* _SOURCE RECORDS_
────────────────────────────────────────
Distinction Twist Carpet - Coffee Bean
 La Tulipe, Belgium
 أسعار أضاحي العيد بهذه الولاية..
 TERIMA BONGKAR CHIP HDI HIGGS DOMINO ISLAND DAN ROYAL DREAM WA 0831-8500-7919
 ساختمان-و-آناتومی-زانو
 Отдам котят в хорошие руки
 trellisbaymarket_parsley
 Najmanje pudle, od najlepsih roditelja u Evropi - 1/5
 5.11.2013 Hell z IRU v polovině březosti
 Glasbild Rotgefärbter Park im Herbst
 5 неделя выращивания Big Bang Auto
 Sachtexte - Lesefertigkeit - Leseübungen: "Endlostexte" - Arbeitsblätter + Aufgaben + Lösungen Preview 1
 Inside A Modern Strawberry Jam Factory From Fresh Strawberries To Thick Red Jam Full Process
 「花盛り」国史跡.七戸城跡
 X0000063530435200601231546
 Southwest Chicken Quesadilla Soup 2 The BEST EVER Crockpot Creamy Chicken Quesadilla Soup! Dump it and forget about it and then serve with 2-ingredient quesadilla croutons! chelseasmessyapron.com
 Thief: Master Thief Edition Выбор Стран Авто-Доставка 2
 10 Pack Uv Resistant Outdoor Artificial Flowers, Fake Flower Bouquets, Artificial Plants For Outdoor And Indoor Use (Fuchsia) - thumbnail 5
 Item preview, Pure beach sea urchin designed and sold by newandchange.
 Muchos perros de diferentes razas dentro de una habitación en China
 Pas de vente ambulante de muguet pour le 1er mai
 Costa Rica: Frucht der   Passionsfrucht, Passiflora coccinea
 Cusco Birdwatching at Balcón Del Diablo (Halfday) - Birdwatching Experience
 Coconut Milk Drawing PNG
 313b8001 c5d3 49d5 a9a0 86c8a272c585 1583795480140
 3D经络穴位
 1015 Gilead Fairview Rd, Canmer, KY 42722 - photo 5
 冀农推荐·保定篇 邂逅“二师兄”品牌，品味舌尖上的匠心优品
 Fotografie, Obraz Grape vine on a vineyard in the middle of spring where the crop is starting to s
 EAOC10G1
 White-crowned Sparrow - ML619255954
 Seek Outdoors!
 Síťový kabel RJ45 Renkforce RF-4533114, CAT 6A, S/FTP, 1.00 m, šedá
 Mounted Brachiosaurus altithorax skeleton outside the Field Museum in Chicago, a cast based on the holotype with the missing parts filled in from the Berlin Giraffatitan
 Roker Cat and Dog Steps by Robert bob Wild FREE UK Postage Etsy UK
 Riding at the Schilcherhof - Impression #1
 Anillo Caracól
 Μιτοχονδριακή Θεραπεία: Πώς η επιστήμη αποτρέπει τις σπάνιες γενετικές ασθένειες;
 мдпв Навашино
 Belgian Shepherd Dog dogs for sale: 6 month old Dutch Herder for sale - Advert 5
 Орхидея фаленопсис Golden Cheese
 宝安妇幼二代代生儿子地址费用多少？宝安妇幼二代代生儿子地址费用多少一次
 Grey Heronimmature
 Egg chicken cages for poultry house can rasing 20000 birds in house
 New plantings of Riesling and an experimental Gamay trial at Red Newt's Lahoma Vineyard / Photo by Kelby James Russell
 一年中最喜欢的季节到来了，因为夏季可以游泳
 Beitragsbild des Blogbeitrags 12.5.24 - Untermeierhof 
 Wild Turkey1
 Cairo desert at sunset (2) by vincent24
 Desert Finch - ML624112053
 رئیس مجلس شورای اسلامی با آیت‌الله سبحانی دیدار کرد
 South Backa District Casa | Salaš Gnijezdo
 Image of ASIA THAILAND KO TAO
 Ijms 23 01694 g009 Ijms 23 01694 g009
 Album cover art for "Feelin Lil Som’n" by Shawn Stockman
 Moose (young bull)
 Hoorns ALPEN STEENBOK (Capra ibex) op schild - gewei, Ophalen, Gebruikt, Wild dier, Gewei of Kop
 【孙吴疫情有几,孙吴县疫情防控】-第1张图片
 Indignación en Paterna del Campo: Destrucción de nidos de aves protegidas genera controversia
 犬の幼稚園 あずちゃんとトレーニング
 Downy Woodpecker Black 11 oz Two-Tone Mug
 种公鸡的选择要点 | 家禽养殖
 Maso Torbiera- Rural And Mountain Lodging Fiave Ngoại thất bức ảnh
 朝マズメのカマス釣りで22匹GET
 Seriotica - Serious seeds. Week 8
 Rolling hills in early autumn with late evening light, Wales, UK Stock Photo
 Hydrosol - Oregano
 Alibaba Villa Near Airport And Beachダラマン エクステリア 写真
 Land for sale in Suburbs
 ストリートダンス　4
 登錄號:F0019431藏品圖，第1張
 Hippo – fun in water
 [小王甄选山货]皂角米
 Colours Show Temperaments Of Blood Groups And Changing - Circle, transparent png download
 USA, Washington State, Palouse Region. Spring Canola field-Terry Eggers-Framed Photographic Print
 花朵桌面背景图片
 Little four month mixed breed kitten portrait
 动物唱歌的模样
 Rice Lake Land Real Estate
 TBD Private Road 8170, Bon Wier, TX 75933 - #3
────────────────────────────────────────
* _ASSIGNMENT_
Could you copy every line in the records that holds "sale"?

* _RESULT_
 Belgian Shepherd Dog dogs for sale: 6 month old Dutch Herder for sale - Advert 5
 Land for sale in Suburbs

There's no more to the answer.